**Assignment**
Make an exact copy of the lines from the top of the entries below through the line with "Vintage Hobie Surf". Leave all pictures out.

Scraped caption text data
....

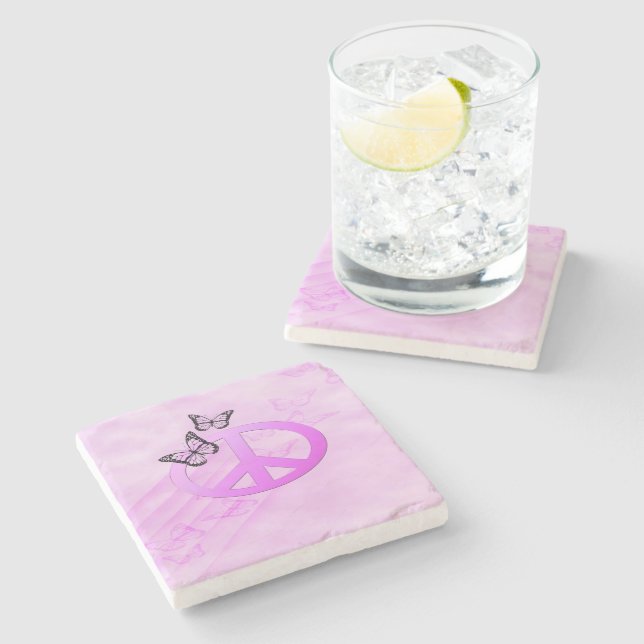 Dessous-de-verre En Pierre Paix rose (Côté)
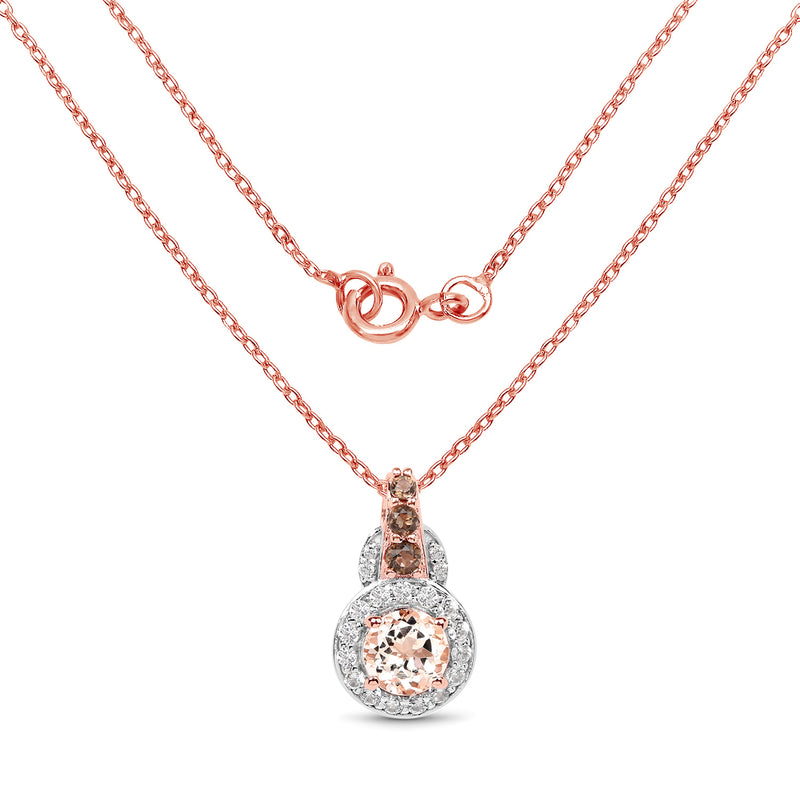 18K Rose Gold Plated 1.34 Carat Genuine Morganite, Smoky Quartz and White Zircon .925 Sterling Silver Pendant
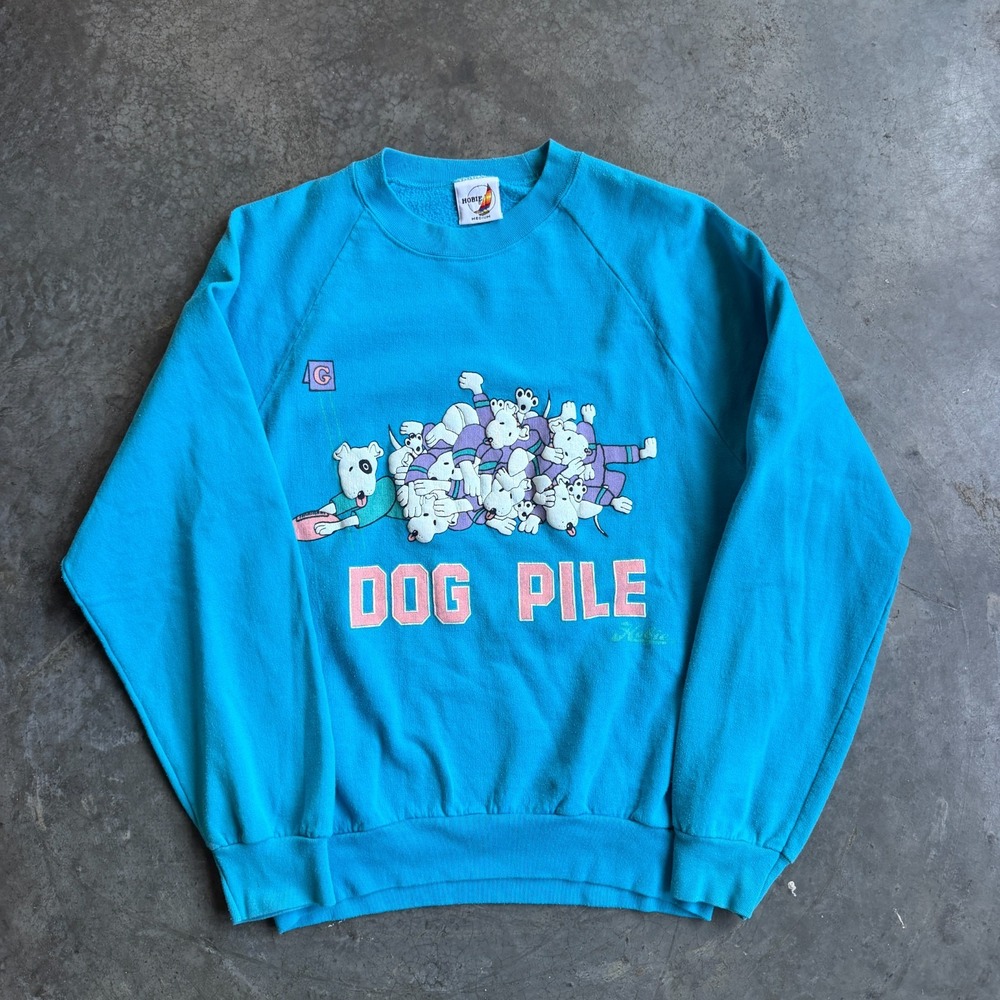 Vintage Hobie Surf Dog Pile Football NFL Puff Print Graphic Sweatshirt 80s 90s S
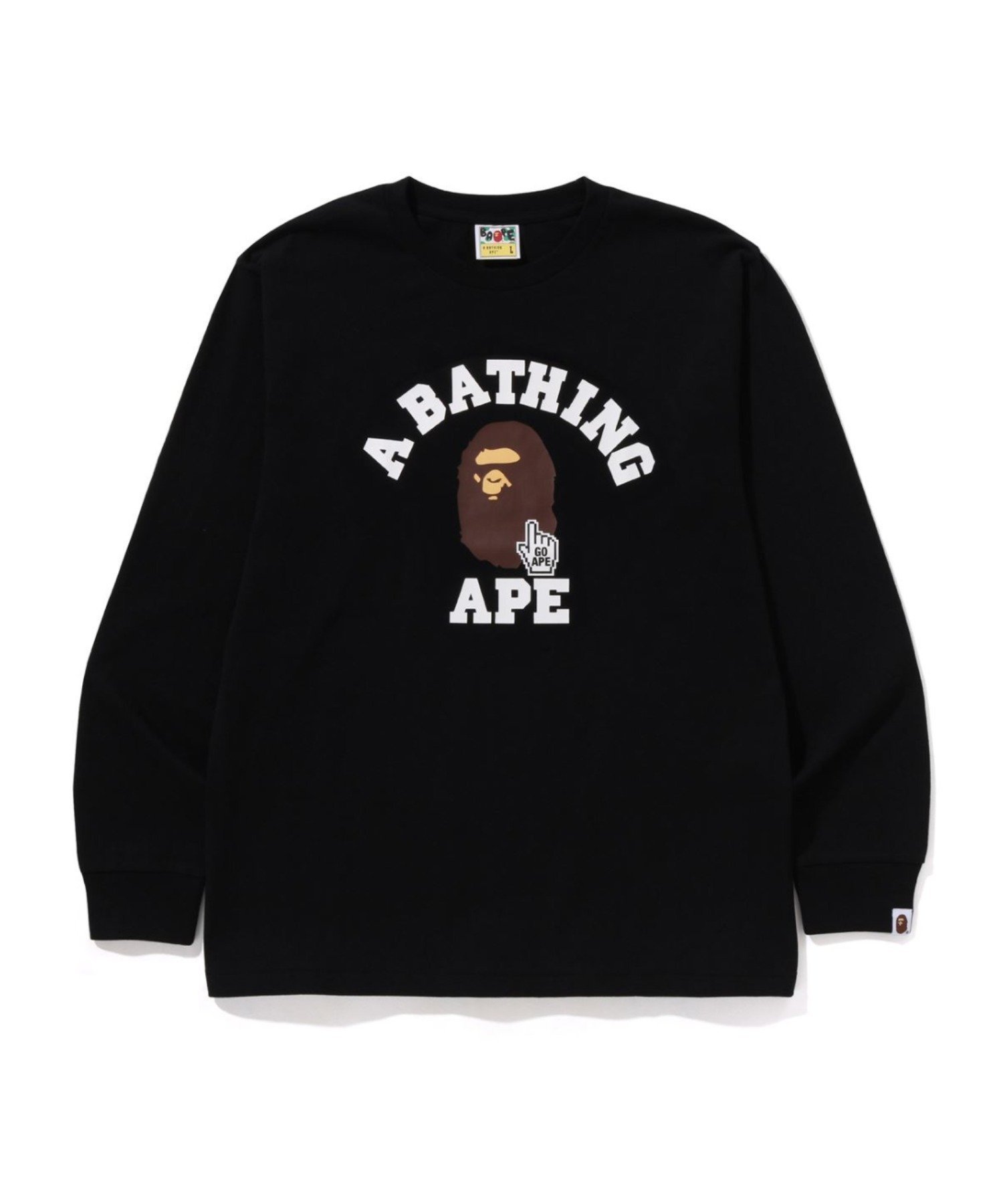 【ア ベイシング エイプ/A BATHING APE】のGO APE POINTER COLLEGE LS TEE BAPEC インテリア・キッズ・メンズ・レディースファッション・服の通販 founy(ファニー) 　ファッション　Fashion　レディースファッション　Fashion for Women　インナー　Innerwear　グラフィック　Graphic, Graphic Design　スリーブ　Sleeve, Long Sleeve / Short Sleeve　フロント　Front, Front Design　プリント　Print, Printed Pattern　モチーフ　Motif, Design Theme　ラバー　Rubber, Rubber Sole　ロング　Long, Long-Length　BLACK|ID: prp329100004900494 ipo3291000000036667905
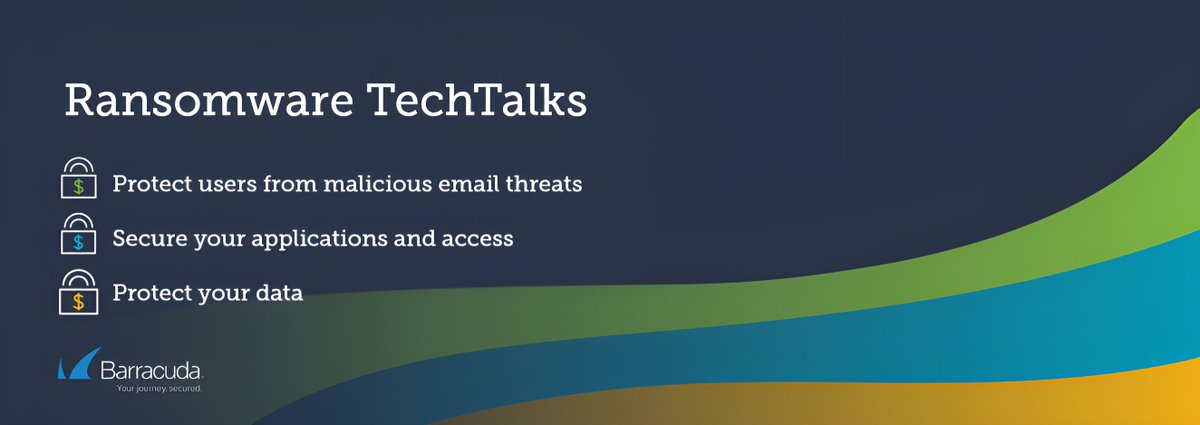 barracuda's tweet photo. Interested in learning how to protect against malicious email, application, and data security threats? If so, join our security team in our upcoming three-part webinar series to receive answers to these questions! https://t.co/Knuqgb3C1J #TechTalkSeries https://t.co/4njz69h9ry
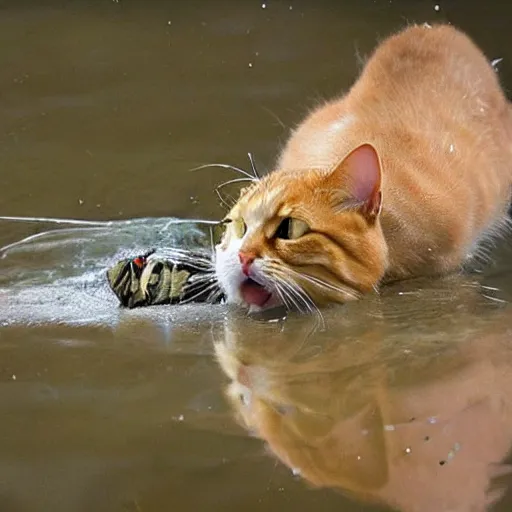 Prompt: fish eat cat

....

**Your solution**
 Dessous-de-verre En Pierre Paix rose (Côté)
 18K Rose Gold Plated 1.34 Carat Genuine Morganite, Smoky Quartz and White Zircon .925 Sterling Silver Pendant
 Vintage Hobie Surf Dog Pile Football NFL Puff Print Graphic Sweatshirt 80s 90s S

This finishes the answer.